For many years, Boxer attended OU fairs promoting the Stamford Orthodox community. “Now it is a destination of choice,” she said. “Although the surge in people wanting to be part of Stamford’s Orthodox Jewish community began about five years ago, the current escalation is definitely COVID-19 related. Fortunately, there’s an assortment of housing (rentals, apartments and condos) in addition to the availability of one-family homes with a wide spread in prices.”
Lisa and Seth Linzer are the owners of L & S Realty in Stamford, and have been living in the area for the past 35 years.
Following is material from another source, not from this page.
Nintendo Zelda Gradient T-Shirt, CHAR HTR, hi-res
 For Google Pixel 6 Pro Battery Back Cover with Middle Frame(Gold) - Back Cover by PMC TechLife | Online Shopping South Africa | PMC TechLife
Lisa explained that the popularity is due to several factors, including the existence of many large corporations with ample work opportunities; Stamford’s proximity to Manhattan; its low crime rates, beautiful environment and beaches; and lower property taxes than New York and New Jersey.
“Word is getting out that Stamford is a ‘hot’ community for young Jewish families,” Lisa said. “Most of the people we have seen moving here for the synagogues and Jewish education are married couples between the ages of 28 and 36. Many are from Manhattan and Riverdale.”
Lisa explained that the market is tight and there is not a lot of available inventory. “Many homes are selling over the asking price due to multiple bidding parties. The COVID-19 exodus from New York is definitely responsible in part for this. But the demand is also being driven because mortgage rates are ridiculously low right now.”
The Stamford area has maintained low COVID-19 numbers. Feldstein attributes this to the local legislators who, in conjunction with Connecticut’s health professionals, have been diligent in monitoring the COVID-19 numbers and making sure that businesses and other amenities don’t open too quickly.
Feldstein said: “Since the outbreak in March, I have been indoors at synagogue and at supermarkets and other stores, and I have not witnessed one person not wearing a mask. Even when I am outside taking a walk, I see most folks wearing masks and keeping socially distant. The residents in Stamford are taking the virus seriously and are following the rules carefully. I think this has helped contribute to the relatively low COVID-19 numbers we are seeing in the area.”